WORK INSTRUCTION: Your copy should begin at the line containing "NIKE HOODIE CLUB" and end at the last line of the records below, matching each line exactly and leaving out pictures.

TASK MATERIAL:
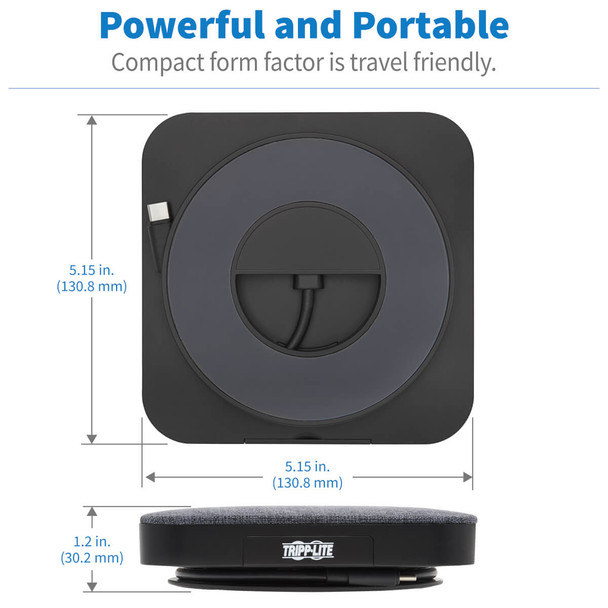 Tripp-Lite Accessory U442-DOCK17-GY USB-C Dock Single Display 4K HDMI USB 3.2 Gen 1 Retail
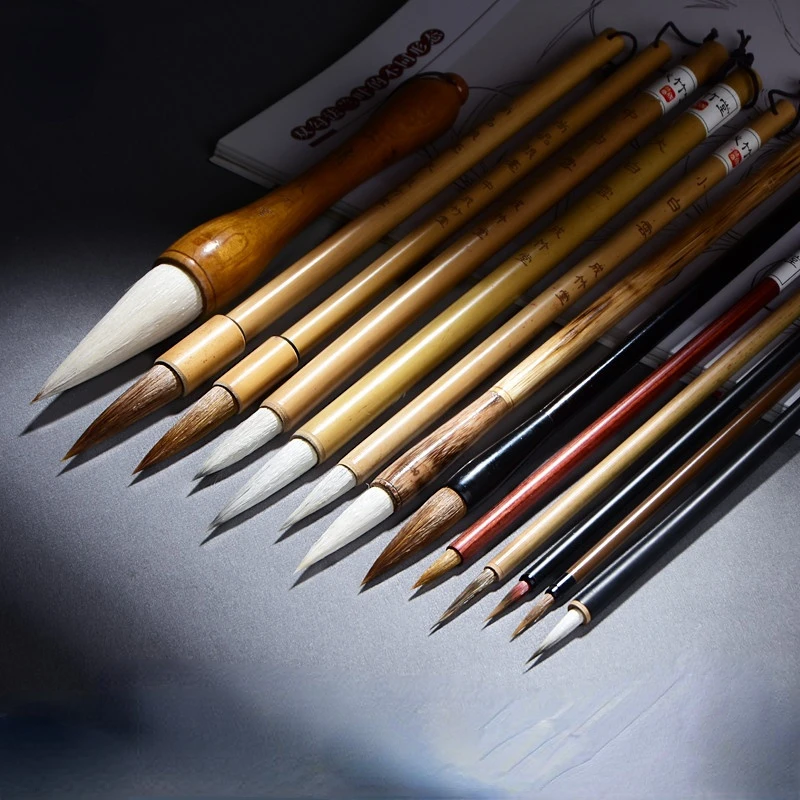 Картина искусственная Китайская традиционная свободная ручка Акварельная кисть для рисования мелких линий кисти для каллиграфии Краска К...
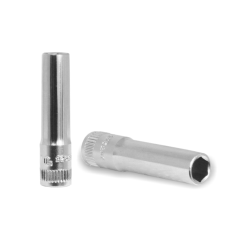 GENIUS TOOLS Dugókulcs - crowafej 1/4" 6 lap hosszú 7 mm Genius dugókulcs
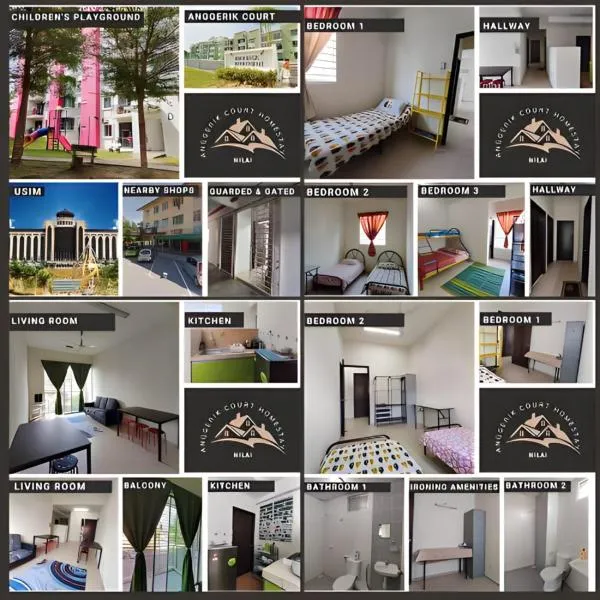 Homestay Nilai Anggerik Court Bersebelahan USIM，位于汝来的酒店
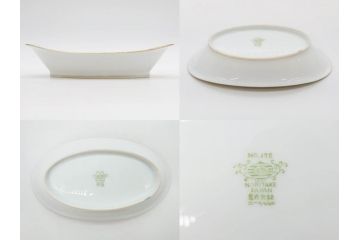 大正〜昭和初期　オールドノリタケ　NORITAKE　意匠登録　金彩　金盛　No.175　ハンドペイント　上品で華やかな佇まいのコーヒーポット・カップ&ソーサー・ソルト&ペッパーシェーカー・プレート2枚セット(デミタス、オーバル、深皿、C&S、洋食器)(R-083293)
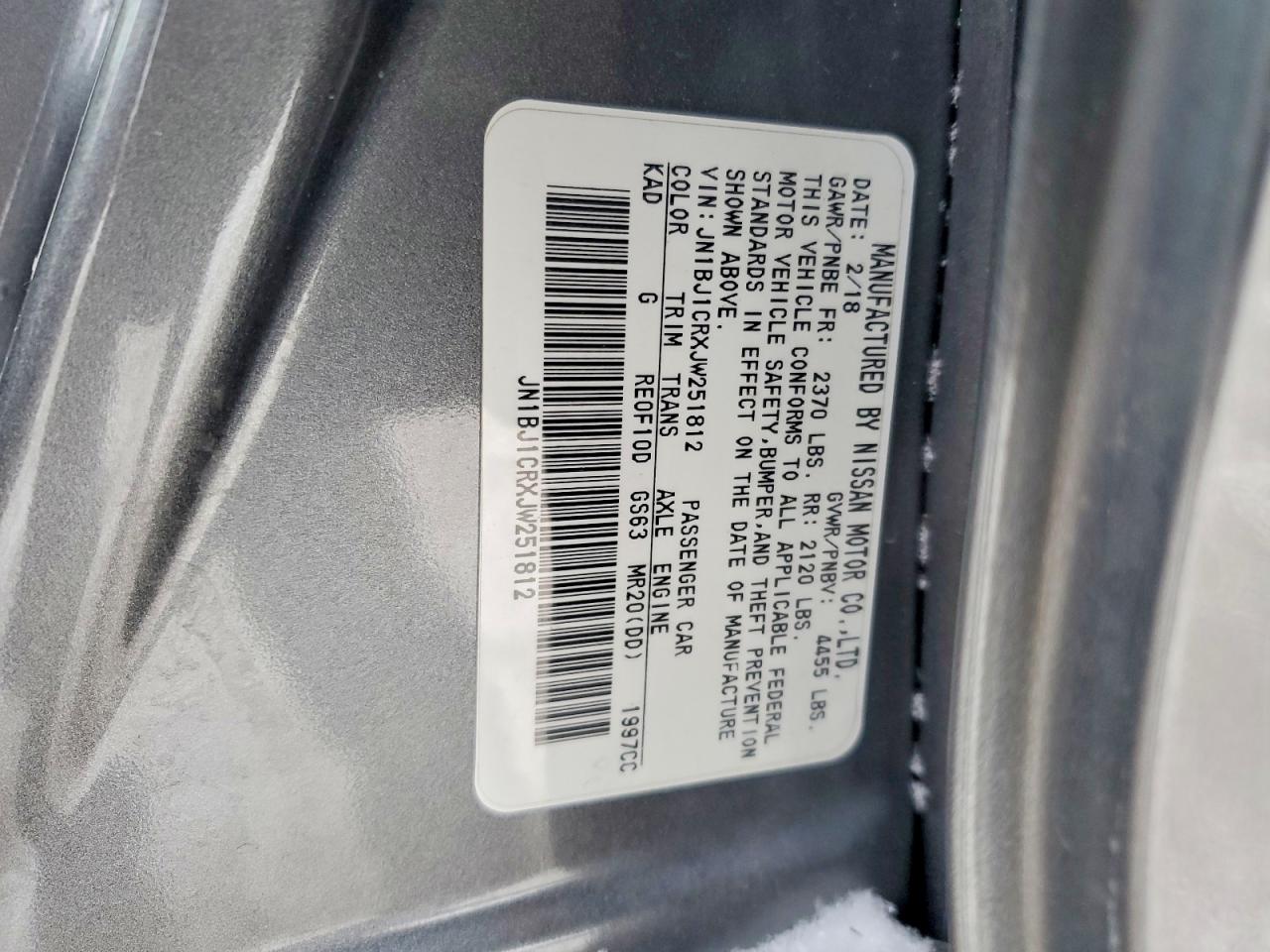 2018 NISSAN ROGUE SPORT S photo 25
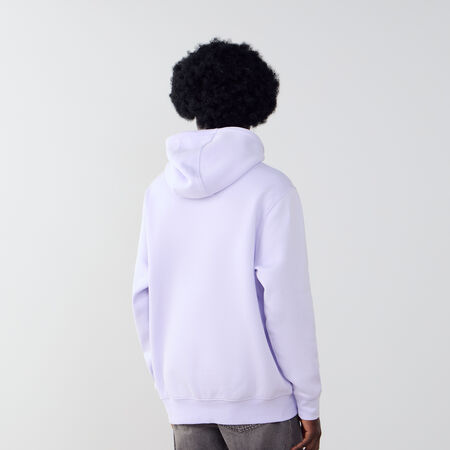 NIKE HOODIE CLUB SMALL LOGO LILAS/BLANC HOMME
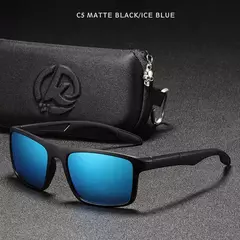 Óculos de sol ultra leves Kdeam retangulares para homens e mulheres, TAC polarizado, lente espessura, óculos de sol para condução, esportes, Cat.3, TR90, 1.1mm na internet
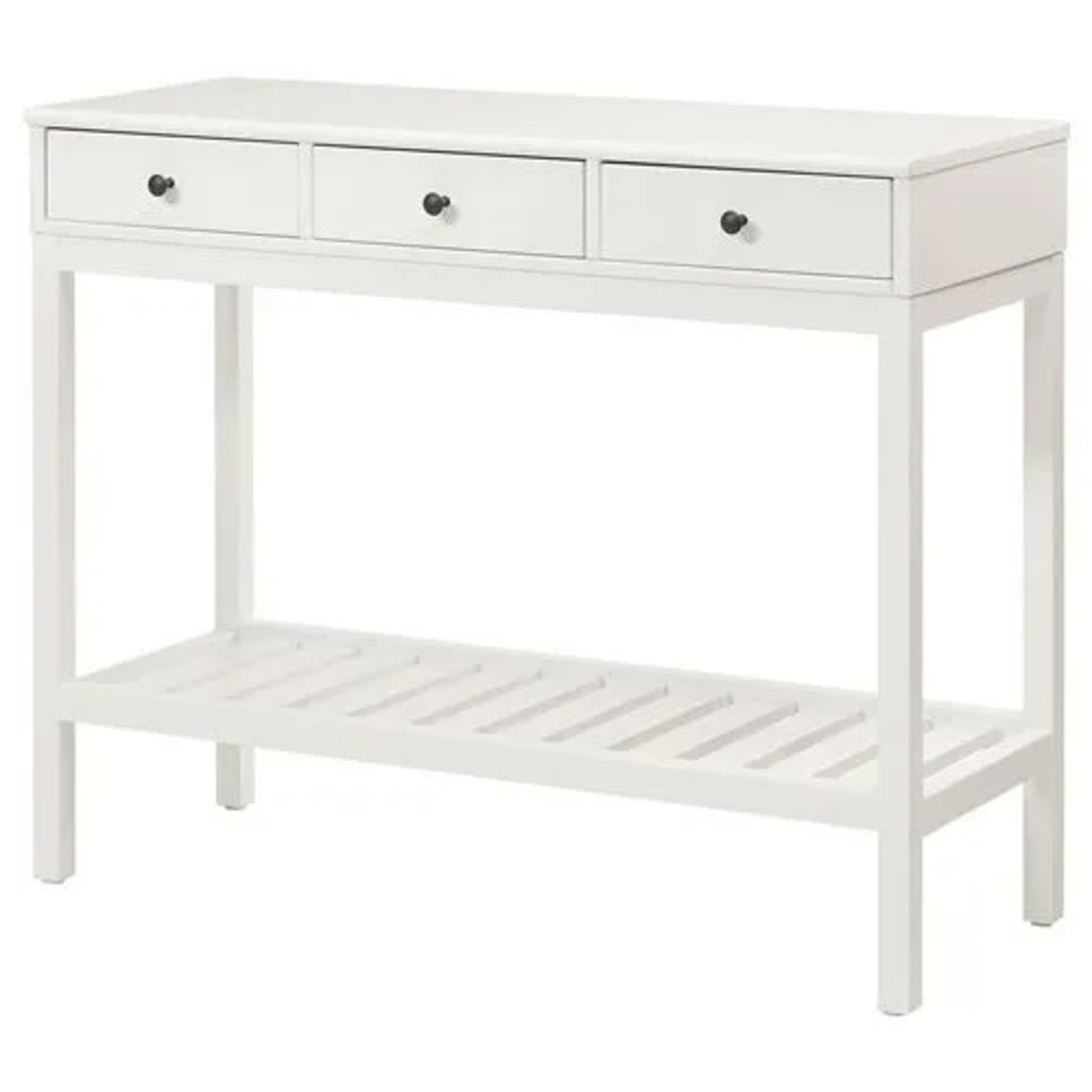 IKEA Panget White Coffee Table Console - image-4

OUTPUT FOR THIS TASK:
 NIKE HOODIE CLUB SMALL LOGO LILAS/BLANC HOMME
 Óculos de sol ultra leves Kdeam retangulares para homens e mulheres, TAC polarizado, lente espessura, óculos de sol para condução, esportes, Cat.3, TR90, 1.1mm na internet
 IKEA Panget White Coffee Table Console - image-4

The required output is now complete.